%%
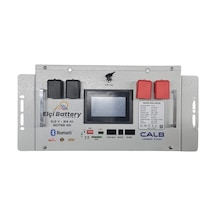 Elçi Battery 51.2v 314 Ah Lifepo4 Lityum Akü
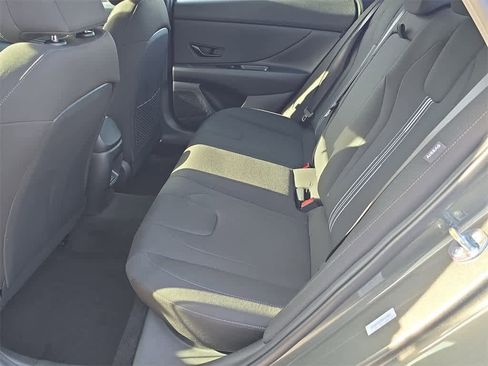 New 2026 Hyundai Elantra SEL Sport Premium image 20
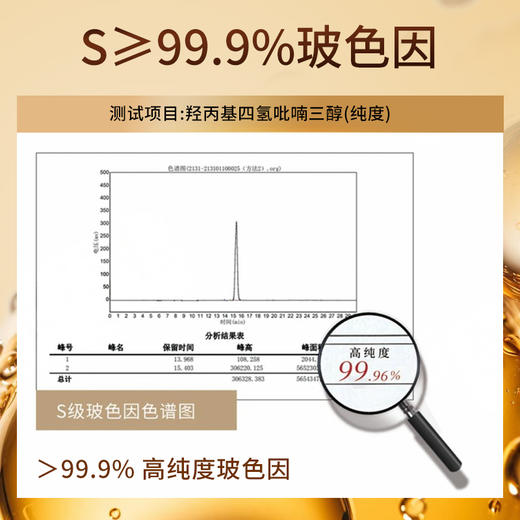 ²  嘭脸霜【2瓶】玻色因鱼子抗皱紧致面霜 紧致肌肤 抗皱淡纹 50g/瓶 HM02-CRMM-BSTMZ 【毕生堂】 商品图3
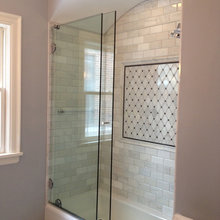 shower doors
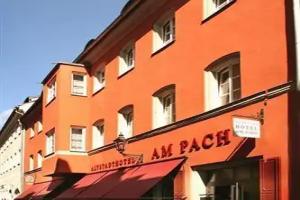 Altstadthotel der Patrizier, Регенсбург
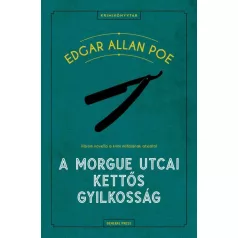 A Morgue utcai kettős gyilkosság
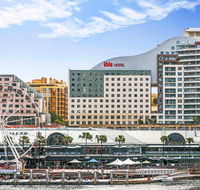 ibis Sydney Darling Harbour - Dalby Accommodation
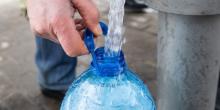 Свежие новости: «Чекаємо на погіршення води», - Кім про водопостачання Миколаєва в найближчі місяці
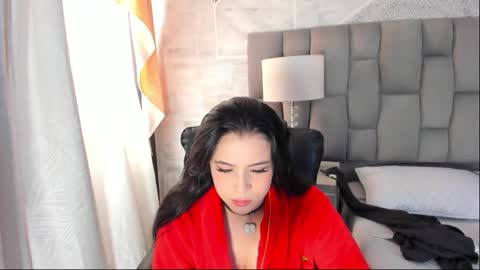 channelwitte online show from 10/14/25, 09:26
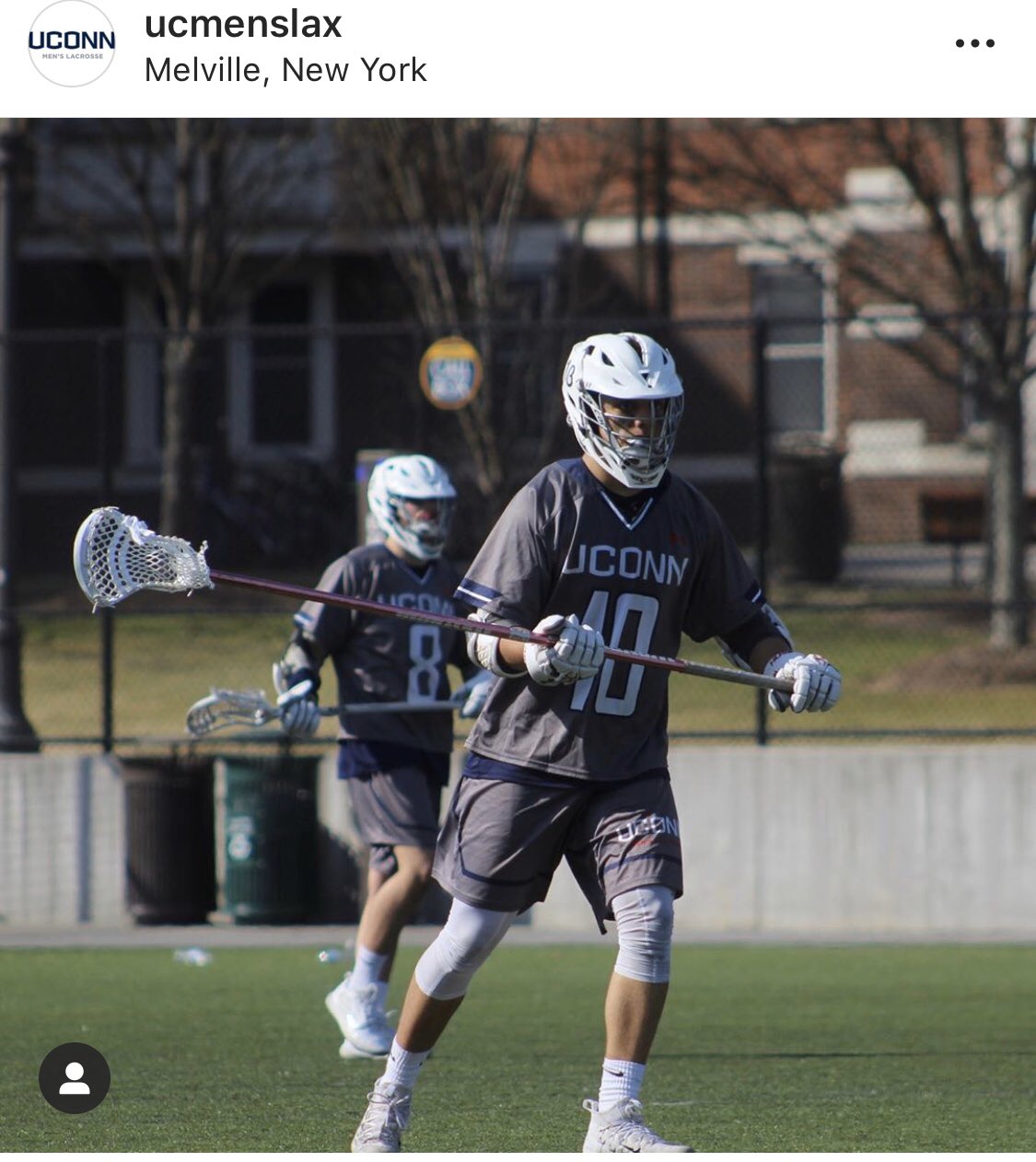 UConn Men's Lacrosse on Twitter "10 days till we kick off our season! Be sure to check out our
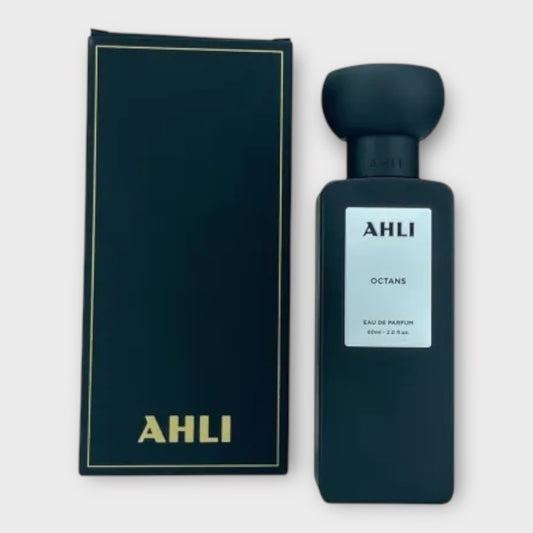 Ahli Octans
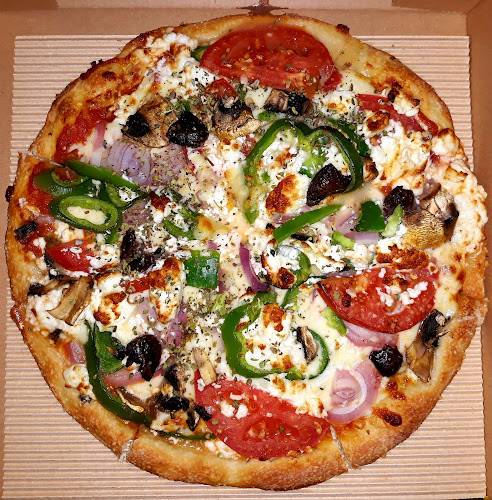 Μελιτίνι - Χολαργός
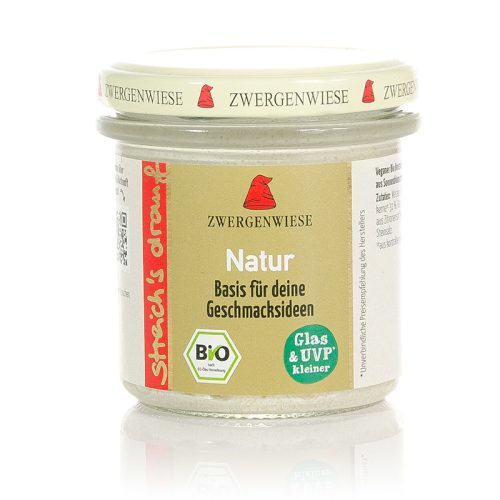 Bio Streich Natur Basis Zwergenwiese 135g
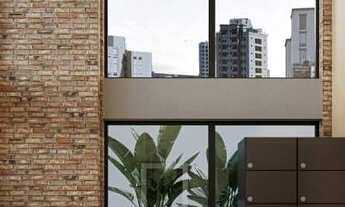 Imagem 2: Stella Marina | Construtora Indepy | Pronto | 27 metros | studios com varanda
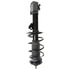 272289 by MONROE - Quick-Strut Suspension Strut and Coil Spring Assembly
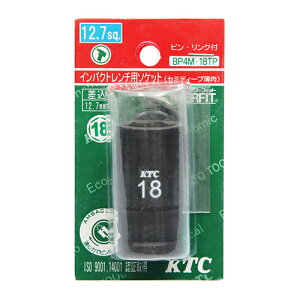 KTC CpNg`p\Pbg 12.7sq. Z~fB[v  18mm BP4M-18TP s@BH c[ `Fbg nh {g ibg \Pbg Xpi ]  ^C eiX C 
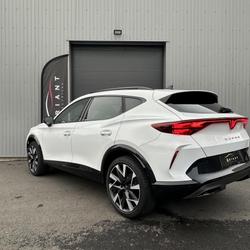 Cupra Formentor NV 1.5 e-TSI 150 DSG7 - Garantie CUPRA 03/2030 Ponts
%%
## Task instructions:
Beginning with the line that contains "A Morgue utcai kettős gyilkosság" in the data above, please copy each line exactly until the last line, both ends included, skipping any pictures.

## Response to this exercise:
 A Morgue utcai kettős gyilkosság
 ibis Sydney Darling Harbour - Dalby Accommodation
 Свежие новости: «Чекаємо на погіршення води», - Кім про водопостачання Миколаєва в найближчі місяці
 channelwitte online show from 10/14/25, 09:26
 UConn Men's Lacrosse on Twitter "10 days till we kick off our season! Be sure to check out our
 Ahli Octans
 Μελιτίνι - Χολαργός
 Bio Streich Natur Basis Zwergenwiese 135g
 Imagem 2: Stella Marina | Construtora Indepy | Pronto | 27 metros | studios com varanda
 272289 by MONROE - Quick-Strut Suspension Strut and Coil Spring Assembly
 KTC CpNg`p\Pbg 12.7sq. Z~fB[v  18mm BP4M-18TP s@BH c[ `Fbg nh {g ibg \Pbg Xpi ]  ^C eiX C 
 Cupra Formentor NV 1.5 e-TSI 150 DSG7 - Garantie CUPRA 03/2030 Ponts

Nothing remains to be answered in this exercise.